Note the parties buying the expensive ads telling you to be afraid of all that will be lost in the ConCon. Those in power are always afraid of opening up the books to tough questions and having to abdicate to the will of the people.
In light of the state's budget situation, it's easy to dismiss something like this as an unnecessary expense that can be saved for better times. But a ConCon doesn't have to be deluxe accommodations, just an extravagance of ideas and a wealth of participation. Make it sandwich-and-juice sessions in the Farrington High School auditorium. Pay ConCon delegates an honorarium rather than a salary.
Will forces try to use the ConCon opportunity to break up the Department of Education into local school boards or take away Native Hawaiian entitlements? Probably. But those types of battles are already in play.
A ConCon offers opportunity for both sides to have their say, and our society is stronger for having the discussion. There are also opportunities for campaign finance reform, something the Legislature hasn't been able to bring itself to do to itself.
Bottom line, anything decided on by the convention delegates must be approved by voters.
The 1978 ConCon was empowering; a statewide barn-raising. It brought a kind of vitality and commitment to Hawai'i that is all but extinct these days. Hawai'i has so given up on local government that few could even muster the energy to roll down to the school cafeteria to vote in the primary.

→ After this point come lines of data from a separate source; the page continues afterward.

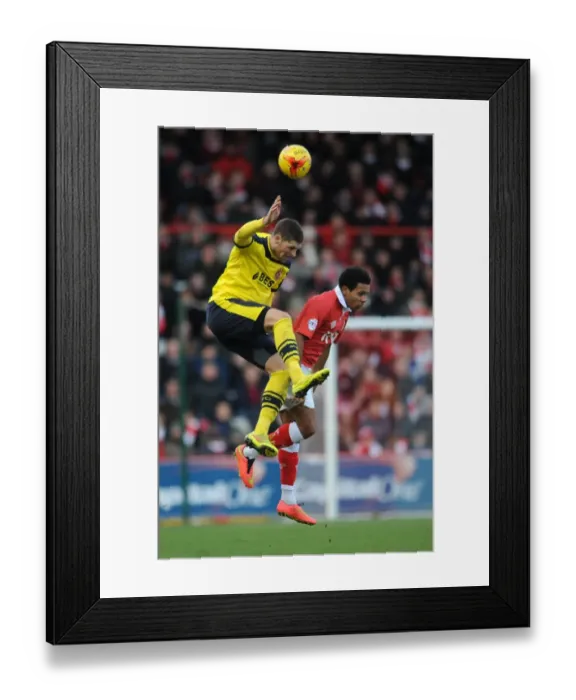 Framed Print : Intense Moment: Korey Smith vs. Jamie Proctor Head-to-Head Clash during Bristol City vs. Fleetwood Town, Sky Bet League One (January 2015)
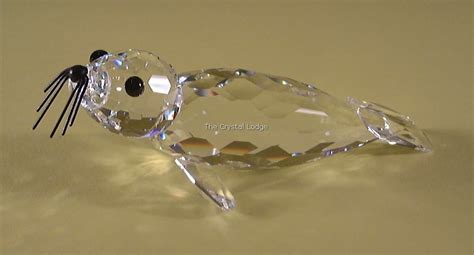 Swarovski Seal Large V Black Nose And Whiskers Looks Left Most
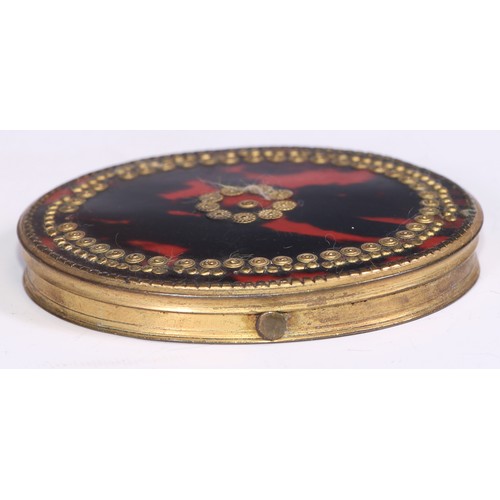 1294 - An 18th century tortoiseshell and gilt metal oval snuff box, hinged cover decorated with pique round... 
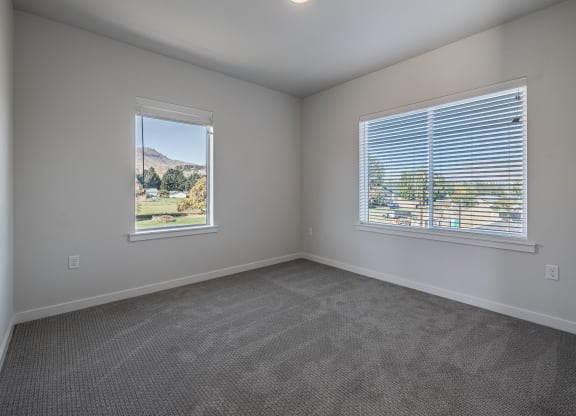 an empty living room with two windows and carpeting at Sagecrest Apartments, Washington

The time to get the roof fixed is before the big rain storms sweep in. We all know the house is leaking right now. Thirty years is too long to go without an earnest examination of where we are and where we could be. At the Legislature, new ideas get run over like a toad on the highway.
We need to go there. We need to ask questions and entertain new ideas, and the people who are so comfortable and unwilling to change need the good exercise of defending their positions.